Masciandaro v. United States

It looks like the SG is soft pedaling the issue. No conflicts between circuits; the lower courts recognized the 2A applied; nothing to really get heated up about. Not bad strategy.
 
Something about the SG's response has been bugging me. Follow my thought and tell me if I'm wrong, please.

First, let's take a look at the way the SG has phrased the question being asked:
Whether 36 C.F.R. 2.4(b), which prohibits “[c]arrying or possessing a loaded weapon in a motor vehicle, vessel or other mode of transportation” on National Park Service land, violates the Second Amendment as applied in this case.

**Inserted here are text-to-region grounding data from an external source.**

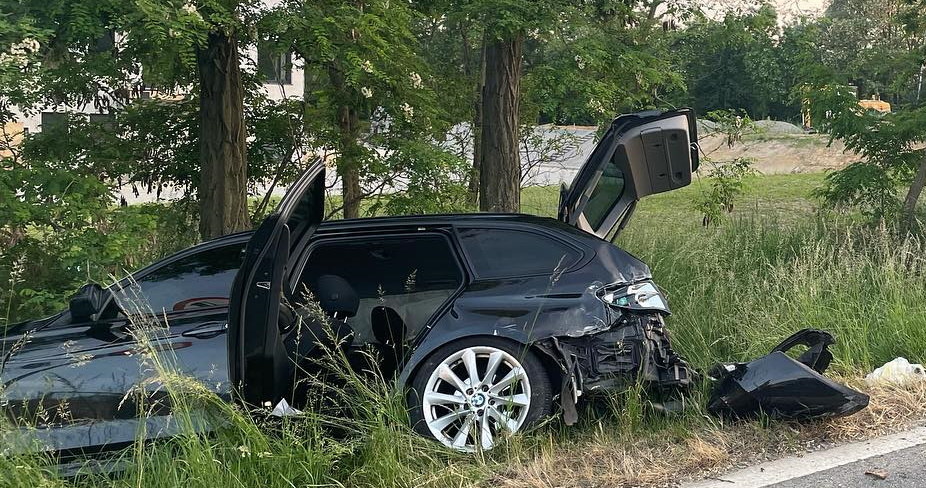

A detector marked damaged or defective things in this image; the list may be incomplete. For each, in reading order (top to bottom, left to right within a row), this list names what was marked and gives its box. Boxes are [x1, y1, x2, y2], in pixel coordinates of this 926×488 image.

crashed black car [0, 107, 696, 454]
broken headlight [604, 280, 672, 314]
detached car part [712, 328, 872, 420]
deployed airbag [712, 328, 872, 420]
damaged front bumper [712, 328, 872, 420]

Now look at what the actual cert petition asks:
  • Does the Second Amendment to the United States Constitution protect a right to possess and carry a firearm for self-defense outside the home?
  • If there is a Second Amendment right to possess and carry a firearm for self-defense outside the home, is it constitutional to prohibit law-abiding citizens’ possession and carrying of loaded weapons in motor vehicles while on National Park Service land?
Those are 2 distinct and different questions.

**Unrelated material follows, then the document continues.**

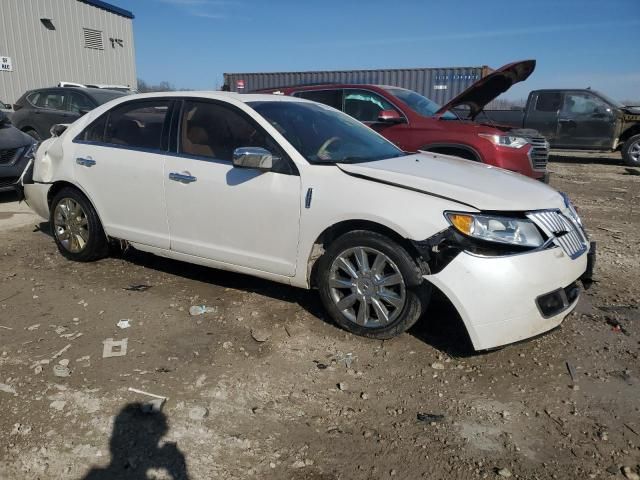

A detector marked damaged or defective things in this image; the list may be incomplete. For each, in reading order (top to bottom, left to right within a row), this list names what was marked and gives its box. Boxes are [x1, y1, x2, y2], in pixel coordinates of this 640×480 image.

damaged front bumper [422, 246, 588, 350]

The SG has (almost) completely avoided the possession outside the home question, which is central to the cert petition itself. By moving the focus to the regulation that was violated, a regulation no longer at issue, the SG hopes to avoid the Court taking up the "outside the home" issue.

In that respect, the issue then becomes much simpler. It was a lawful regulation at the time of conviction. [pay no attention to the man behind the curtain, waving that fundamental rights flag] Preserving the lower courts interpretation of US v. Hark (1944) and its decision.

I don't believe Hark can stand as valid precedent, when it conflicts with a fundamental right that existed before the court identified it (See McDonald, 561 U.S. at ___ (slip op., Thomas, J. Concurrence at 15, quoting Heller, 554 U. S., at ___ (slip op., at 19) (“t has always been widely understood that the Second Amendment, like the First and Fourth Amendments, codified a pre-existing right”))). [emphasis in the original]

If Hark fails, so does the conviction.

Which then should open up the question of whether the core right to self defense, exists outside the home. We believe that the right of self defense is inherent in all places, at all times, wherever and whenever such protection is not directly afforded by the government.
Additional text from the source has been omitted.